2) Nel Challenger di Quimper (Francia) Luca Vanni è stato il migliore degli italiani, anche se il suo cammino si è arrestato agli ottavi dopo aver sofferto parecchio già all’esordio contro la wild card Added. L’aretino ha dovuto alzare bandiera bianca dinnanzi allo spagnolo Roberto Ortega Olmedo, più solido su questa superficie e meritatamente vittorioso per 7-6(4) 6-1 sul Campo 1. Poco da fare per Lorenzo Musetti e Raul Brancaccio, che non sono riusciti a ribaltare il pronostico sfavorevole cedendo rispettivamente a Gabashvili e Mischa Zverev.
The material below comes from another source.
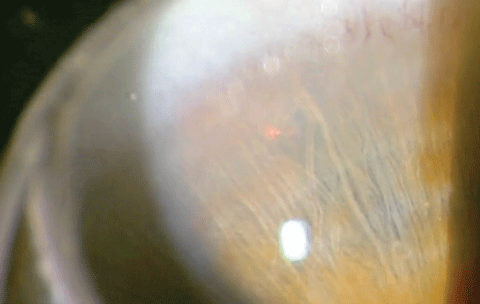 The clinician aims the laser directly to the left of the visible vessel to assure the laser doesn’t cause bleeding.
3) Ad Antalya (Turchia) si segnala il buonissimo cammino di Davide Galoppini, giustiziere nei quarti della terza testa di serie Jecan per 7-6(4) 6-3 in un’ora e 35 minuti di gioco. La sua corsa si è interrotta in semifinale per mano del grande favorito della vigilia, l’ungherese Piros, autore di una performance magistrale testimoniata dal 6-2 6-1 conclusivo in poco meno di un’ora. Discreta settimana anche per Marco Bortolotti, fermato in rimonta dal bulgaro Lazarov quando l’accesso in semifinale sembrava alla portata.

4) Ad Antalya (Turchia) era difficile chiedere di più ad Aurora Zantedeschi, brava a raggiungere i quarti prima di arrendersi alla numero 2 del seeding Craciun. La rumena ha fatto valere la sua maggiore esperienza su questi palcoscenici e si è imposta 6-2 7-5, lasciando comunque qualche rimpianto all’azzurra per l’andamento del secondo set. Nella parte alta del tabellone, la croata Tara Wurth ha sbaragliato la concorrenza spingendosi fino all’ultimo atto a suon di prestazioni eccezionali.